To sell online, you must first have the right systems and processes in place. Yet, finding and sourcing a payment provider can come with challenges, especially if you are new to the space. As the world has continues to become a digital marketplace, and you work to bring your company into the future, you may have found yourself asking questions such as:
What is a merchant account?
What is a payment processor, and what is the difference between that and a payment gateway?
What options do I have for providing my customers with different payment methods? Will it cost me money?
These are all common questions around payments, each with a nuanced answer. In this blog, we will take a look at one of the most important things you need to know about setting up online payments: payment gateways vs. payment processors.
What is the role of an online payment gateway?
It’s essential for any business that accepts electronic payments online, no matter the volume, to have a payment gateway to facilitate the process.
Payment gateways are essentially the “online” equivalent of a physical credit and debit card reader. If you are familiar with in-store payment systems, look at payment gateways as the equivalent of a point of sale (POS) terminal, but online.
Where POS terminals are primarily designed for in-person/in-store transactions, online payment gateways allow for card-not-present (CNP) transactions. These transactions are ones where the buyer and seller never meet face to face (online). In essence, a payment gateway transfers the data between the point of entry – be that a POS terminal, website, or mobile device – to the payment processor to continue the payment lifecycle.
To summarize: payment gateways act as in-between facilitators. They provide a service of processing information inputted during checkout and managing the authorization or fulfillment of payments made for online retailers. It doesn’t just stop there, though. As we mentioned, they are also used in brick-and-mortar establishments.
So, why use a payment gateway?
To begin, they take charge of online purchasing’s many small tasks, including:
- encrypting (i.e. securing) sensitive info, such as credit card payments
- And helping you hit specific standards for online data security, ensuring safe transactions between you and your customer.
More importantly, gateways save you time and work as a business owner. They help to remove the need for you to input any payment info received on your end manually. Payment gateways also give flexibility in the types of payments that your customers can use. And remember: flexibility is good. It can increase sales by opening up accessibility for customers with a myriad of different payment types.
Fun fact: did you know that customers are likely to abandon their carts due to a lack of payment options? It’s true! Picking the right payment gateway can help you curb abandoned or lost customers. That’s why offering payment flexibility is absolutely vital to remain competitive.
At this point, we’d like to remind you that not all providers are built the same. Security and reliability of payment gateways differ depending on the product or payment gateway provider you choose to use for your business. As a merchant, security and fraud should always be top of mind when configuring payment methods for you and your customers. Working with the right payment gateway can help you simplify payment processing, consolidate vendors, and ease reporting and reconciliation.
Different types of payment gateways
Now that you know the main difference between a payment gateway and a payment processor let’s dive into the different payment gateways.

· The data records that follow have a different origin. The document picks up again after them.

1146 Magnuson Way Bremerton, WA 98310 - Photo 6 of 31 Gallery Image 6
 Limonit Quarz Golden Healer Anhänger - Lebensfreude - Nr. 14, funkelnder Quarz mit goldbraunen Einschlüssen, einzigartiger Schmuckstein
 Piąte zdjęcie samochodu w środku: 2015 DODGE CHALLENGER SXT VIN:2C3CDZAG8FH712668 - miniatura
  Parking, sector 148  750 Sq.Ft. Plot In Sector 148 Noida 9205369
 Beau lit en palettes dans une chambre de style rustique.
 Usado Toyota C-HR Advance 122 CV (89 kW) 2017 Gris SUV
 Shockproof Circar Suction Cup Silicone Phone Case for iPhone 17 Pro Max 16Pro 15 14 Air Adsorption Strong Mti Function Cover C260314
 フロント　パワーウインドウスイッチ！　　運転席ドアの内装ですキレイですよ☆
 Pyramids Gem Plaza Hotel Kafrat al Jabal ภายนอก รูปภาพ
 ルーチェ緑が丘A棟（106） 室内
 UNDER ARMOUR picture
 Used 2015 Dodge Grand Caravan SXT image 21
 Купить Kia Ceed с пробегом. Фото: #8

Traditional Payment Gateways
A traditional gateway helps merchants to accept payments for goods and services online. With a traditional gateway, payment information is most commonly:
- Entered into an eCommerce website when purchasing a product. It can also be entered into a hosted payment form, or mobile app, depending on how the payment flow is designed.
- Generally, customers are required to hand-key their information into a virtual terminal.
Digital Payment Gateways
Payment gateways have gone beyond just the “online world.” In the last few years, gateway technology has expanded to create a virtually “frictionless” purchasing experience across all sales channels and devices, no matter what industry you are in.
Beyond what a traditional payment gateway offers, these online payment gateways can be used to:
- Make in-store purchases easier. They allow for easy processing of swiped or dipped transactions at a point-of-sale (POS) or mobile device.
- Integrate payments with existing software systems that merchants and consumers both use daily
- Accept tapped transactions using near field communication (NFC) technology.
So, how exactly does a Payment Gateway work?
When a customer pays, the encrypted payment details are sent to the payment processor via the gateway. You may know some of the more famous payment gateways, from Amazon Payments, Wepay, Stripe and Paypal; these brands are a part of our everyday lives.
But as easy as it can be to find something we like on a site, click it, and checkout with no problem, a lot is going on behind the scenes. Here is a step-by-step breakdown of what happens during a purchase:
- The payment processor notifies the card-issuing bank. Then the transaction is either approved or rejected.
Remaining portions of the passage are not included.